Trait	Default value	Description
`size_of<Description>::value`	None.	Size of the FFT to compute.
`type_of<Description>::value`	`fft_type::c2c`	Type of the FFT operation, either `fft_type::c2c`, `fft_type::r2c` or `fft_type::c2r`.
`direction_of<Description>::value`	See Direction Trait.	Direction of the FFT operation, either `fft_direction::inverse` or `fft_direction::forward`.
`precision_of<Description>`	`float`	Type of the underlying floating-point values used to compute the FFT: `double`, `float` or `__half`.
`is_fft<Description>`	None.	`true` if `Description` is an FFT description, formed with Description Operators.
`is_fft_execution<Description>`	None.	`true` if `Description` is an FFT description, configured with Execution Operators.
`is_complete_fft<Description>`	None.	`true` if `Description` is a valid FFT description, formed with Description Operators.
`is_complete_fft_execution<Description>`	None.	`true` if `is_complete_fft<Description>` is `true` and `is_fft_execution<Description>` is `true`.

Description traits can be retrieved from an FFT descriptor using the helper functions provided.
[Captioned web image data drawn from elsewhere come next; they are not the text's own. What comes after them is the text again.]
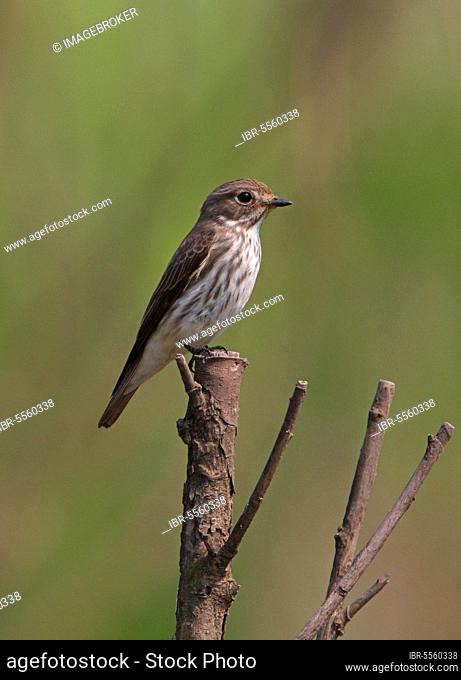 Grey-streaked Flycatcher (Muscicapa griseisticta) adult, perched on branch, Hebei, China, Asia
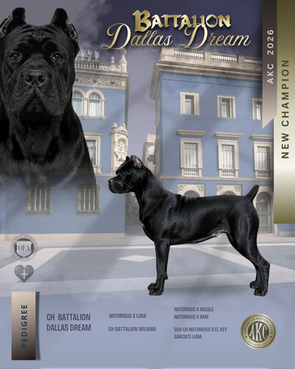 Beautiful championship black dog standing in front of Barcelona Spanish building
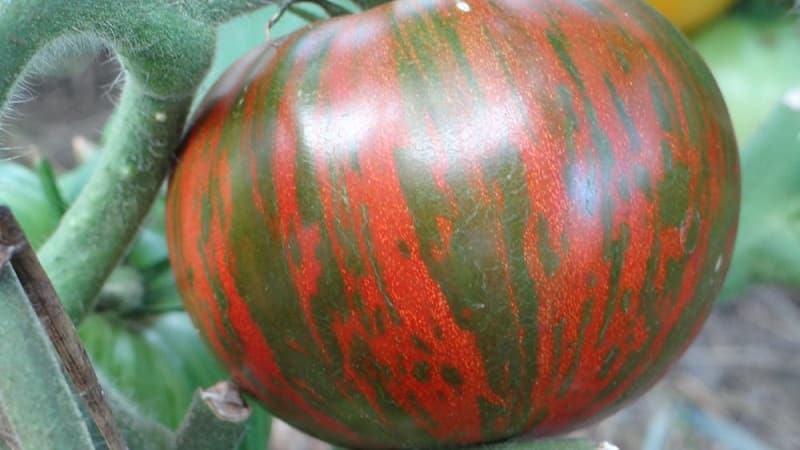 Una variedad con un color inusual, un sabor único y un nombre apetitoso: tomate rayado chocolate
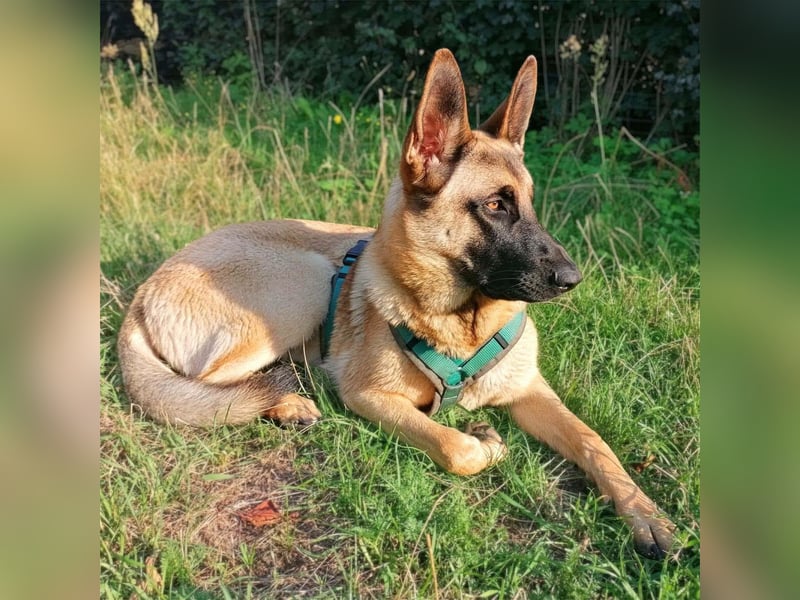 Dynamische Malinois-Schäferhund Mischlingshündin Mila wartet in 15910 Unterspreewald.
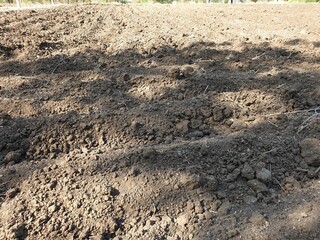 plowed field soil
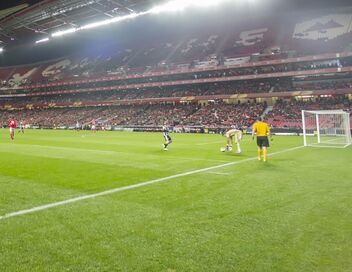 Soir d'Europe l'avant-match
For example:

#include <iostream>
#include <cufftdx.hpp>

using FFT = decltype( cufftdx::Size<8>() + cufftdx::Type<fft_type::c2c>()
                      + cufftdx::Direction<fft_direction::forward>()
                      + cufftdx::Precision<double>() + cufftdx::Thread() );

if(cufftdx::is_complete<FFT>::value)
  std::cout << "Size of the FFT operation: " << cufftdx::size_of<FFT>::value << std::endl;

Size Trait¶

cufftdx::size_of<FFT>::value

Size of the FFT to compute, as set by Size Operator.

There is no default size. If the descriptor was not created using a Size Operator, compilation will fail with an error message.

Type Trait¶

cufftdx::type_of<FFT>::value

Type of the FFT operation, as set by Type Operator.

The default type is complex-to-complex, fft_type::c2c.

Direction Trait¶

cufftdx::direction_of<FFT>::value

Direction of the FFT operation, as set by Direction Operator.

Default direction:

If the FFT type is fft_type::r2c, the default direction is fft_direction::forward.

If the FFT type is fft_type::c2r, the default direction is fft_direction::inverse.

For any other type, there is no default direction. If the descriptor was not created using a Direction Operator, compilation will fail with an error message.

Precision Trait¶

cufftdx::precision_of<FFT>::type

Floating-point precision of the FFT operation, as set by Precision Operator.

The default precision is float.

Is FFT? Trait¶

cufftdx::is_fft<FFT>::value

Trait is true if the descriptor is an FFT description, formed with Description Operators.

There is no default value. The descriptor either is or is not an FFT description.

Is FFT Execution? Trait¶

cufftdx::is_fft_execution<FFT>::value

Trait is true if the descriptor is an FFT description, formed with Description Operators and a Execution Operators.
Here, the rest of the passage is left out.